For its part, Comcast defends its actions as simply balancing loads — not blocking access — so that all its customers could have equal quality of service. If certain customers routinely engage in sending or receiving enormous quantities of data, then there is the possibility that this could degrade network performance for some other subscribers.
So why do we care about this at all on an HDTV site? The answer is simple; I believe that we’re headed into a future where we will receive much — if not most — of our information and entertainment over the Internet. If the Internet providers are allowed to decide which sites we’re allowed to access at full speed, and which ones they can slow down, that could have an enormous impact on future services. For example, you may think that this practice is acceptable when applied to sharing sites that may be used for accessing illegal copies of copyrighted content, but what if a Internet provider like Comcast decides to block or slow access to legitimate movie download sites like Netflix or Blockbuster? Clearly, these services will compete with Comcast’s cable video business. Should Comcast be allowed to control access to these competing services?

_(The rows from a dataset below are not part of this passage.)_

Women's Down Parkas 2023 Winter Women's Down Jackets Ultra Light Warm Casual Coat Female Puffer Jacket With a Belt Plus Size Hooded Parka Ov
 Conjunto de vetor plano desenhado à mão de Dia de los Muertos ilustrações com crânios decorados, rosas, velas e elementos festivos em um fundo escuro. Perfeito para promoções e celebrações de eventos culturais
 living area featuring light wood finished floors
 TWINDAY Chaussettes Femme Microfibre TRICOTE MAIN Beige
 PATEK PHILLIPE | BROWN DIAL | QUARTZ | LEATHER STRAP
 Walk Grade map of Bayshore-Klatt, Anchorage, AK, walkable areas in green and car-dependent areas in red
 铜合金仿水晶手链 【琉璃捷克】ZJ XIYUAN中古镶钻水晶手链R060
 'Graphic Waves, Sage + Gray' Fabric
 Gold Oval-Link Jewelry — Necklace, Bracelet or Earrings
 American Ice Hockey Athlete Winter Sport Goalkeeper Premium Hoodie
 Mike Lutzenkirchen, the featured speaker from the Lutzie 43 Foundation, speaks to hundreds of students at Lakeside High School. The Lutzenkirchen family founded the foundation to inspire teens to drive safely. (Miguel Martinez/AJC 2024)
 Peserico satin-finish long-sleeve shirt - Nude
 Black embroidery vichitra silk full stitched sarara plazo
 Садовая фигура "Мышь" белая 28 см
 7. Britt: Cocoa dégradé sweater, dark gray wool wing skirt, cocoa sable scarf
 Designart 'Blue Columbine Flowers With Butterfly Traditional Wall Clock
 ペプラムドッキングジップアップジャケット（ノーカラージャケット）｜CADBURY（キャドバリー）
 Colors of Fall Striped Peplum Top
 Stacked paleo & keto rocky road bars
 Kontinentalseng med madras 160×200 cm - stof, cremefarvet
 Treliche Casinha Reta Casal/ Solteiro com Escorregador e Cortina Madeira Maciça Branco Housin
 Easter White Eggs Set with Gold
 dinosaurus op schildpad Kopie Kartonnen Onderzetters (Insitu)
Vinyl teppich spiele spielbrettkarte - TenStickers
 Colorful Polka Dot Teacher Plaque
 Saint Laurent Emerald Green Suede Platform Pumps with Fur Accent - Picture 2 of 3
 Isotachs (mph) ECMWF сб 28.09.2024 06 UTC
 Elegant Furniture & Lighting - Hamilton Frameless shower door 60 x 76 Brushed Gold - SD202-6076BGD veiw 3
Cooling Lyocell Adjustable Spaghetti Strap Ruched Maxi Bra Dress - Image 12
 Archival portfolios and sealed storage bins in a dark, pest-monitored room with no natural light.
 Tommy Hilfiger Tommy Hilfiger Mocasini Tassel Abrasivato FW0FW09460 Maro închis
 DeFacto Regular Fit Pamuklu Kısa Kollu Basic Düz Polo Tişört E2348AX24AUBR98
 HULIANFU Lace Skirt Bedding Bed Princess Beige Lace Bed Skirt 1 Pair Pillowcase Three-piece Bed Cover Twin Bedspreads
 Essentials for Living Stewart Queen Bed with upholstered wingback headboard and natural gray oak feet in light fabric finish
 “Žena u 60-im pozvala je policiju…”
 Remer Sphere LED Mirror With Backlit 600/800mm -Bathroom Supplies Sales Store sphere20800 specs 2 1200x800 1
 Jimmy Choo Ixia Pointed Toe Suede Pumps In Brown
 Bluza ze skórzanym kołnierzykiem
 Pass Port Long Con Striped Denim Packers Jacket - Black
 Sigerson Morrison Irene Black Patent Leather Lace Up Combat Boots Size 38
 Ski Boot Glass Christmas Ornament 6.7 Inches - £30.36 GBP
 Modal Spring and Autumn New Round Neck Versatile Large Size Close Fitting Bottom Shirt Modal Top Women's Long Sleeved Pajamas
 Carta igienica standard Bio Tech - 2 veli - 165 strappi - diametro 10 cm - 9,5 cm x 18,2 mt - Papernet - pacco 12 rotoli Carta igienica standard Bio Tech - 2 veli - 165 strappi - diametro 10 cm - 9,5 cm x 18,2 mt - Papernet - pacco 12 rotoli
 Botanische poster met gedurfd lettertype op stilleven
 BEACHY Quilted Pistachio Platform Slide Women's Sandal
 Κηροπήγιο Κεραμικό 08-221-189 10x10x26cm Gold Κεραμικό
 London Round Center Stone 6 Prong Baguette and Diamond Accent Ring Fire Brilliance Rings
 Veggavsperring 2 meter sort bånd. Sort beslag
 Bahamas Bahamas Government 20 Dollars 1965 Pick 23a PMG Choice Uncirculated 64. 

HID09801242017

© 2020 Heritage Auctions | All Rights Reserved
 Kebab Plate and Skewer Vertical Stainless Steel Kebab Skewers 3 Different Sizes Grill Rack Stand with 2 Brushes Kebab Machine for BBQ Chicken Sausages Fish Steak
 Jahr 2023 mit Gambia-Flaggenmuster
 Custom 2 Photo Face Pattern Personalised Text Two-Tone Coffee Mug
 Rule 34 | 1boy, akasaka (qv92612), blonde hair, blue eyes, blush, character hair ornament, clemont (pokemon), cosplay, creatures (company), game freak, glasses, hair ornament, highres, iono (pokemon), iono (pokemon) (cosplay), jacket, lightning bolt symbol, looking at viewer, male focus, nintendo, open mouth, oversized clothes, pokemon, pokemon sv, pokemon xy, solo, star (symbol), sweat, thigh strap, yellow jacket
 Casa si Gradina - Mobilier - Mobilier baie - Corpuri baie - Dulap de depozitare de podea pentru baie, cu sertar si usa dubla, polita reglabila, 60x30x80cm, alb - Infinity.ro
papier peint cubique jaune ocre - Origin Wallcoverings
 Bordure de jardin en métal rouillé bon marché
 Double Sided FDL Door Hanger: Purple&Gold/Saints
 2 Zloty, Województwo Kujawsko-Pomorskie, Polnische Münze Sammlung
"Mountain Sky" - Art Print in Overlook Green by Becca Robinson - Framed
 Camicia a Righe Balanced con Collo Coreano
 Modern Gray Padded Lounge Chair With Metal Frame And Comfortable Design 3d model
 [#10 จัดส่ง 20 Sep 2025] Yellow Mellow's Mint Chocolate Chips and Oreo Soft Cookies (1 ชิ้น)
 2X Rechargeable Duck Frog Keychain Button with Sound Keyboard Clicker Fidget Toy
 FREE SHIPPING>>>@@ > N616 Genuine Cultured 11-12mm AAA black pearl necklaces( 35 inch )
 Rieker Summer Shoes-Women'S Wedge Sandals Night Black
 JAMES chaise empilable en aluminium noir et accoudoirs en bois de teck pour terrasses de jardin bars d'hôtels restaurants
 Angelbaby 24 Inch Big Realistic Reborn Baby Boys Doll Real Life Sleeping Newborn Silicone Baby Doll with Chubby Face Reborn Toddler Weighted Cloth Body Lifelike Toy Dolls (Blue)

Personally, I think that they should not have the right to do this, any more than the phone companies should be able to decide that too many people are calling to vote on American Idol. While I applaud the FCC’s position on this subject, I also think that the market is a stronger force and is likely to resolve this matter on its own. Now that many communities have multiple choices for broadband Internet access, consumers will be able to vote with their dollars if their Internet provider starts restricting service in ways that they don’t want. Just as copy protection is rapidly disappearing from the MP3 download business, I expect that limiting access for certain Internet sites is a practice that won’t last long.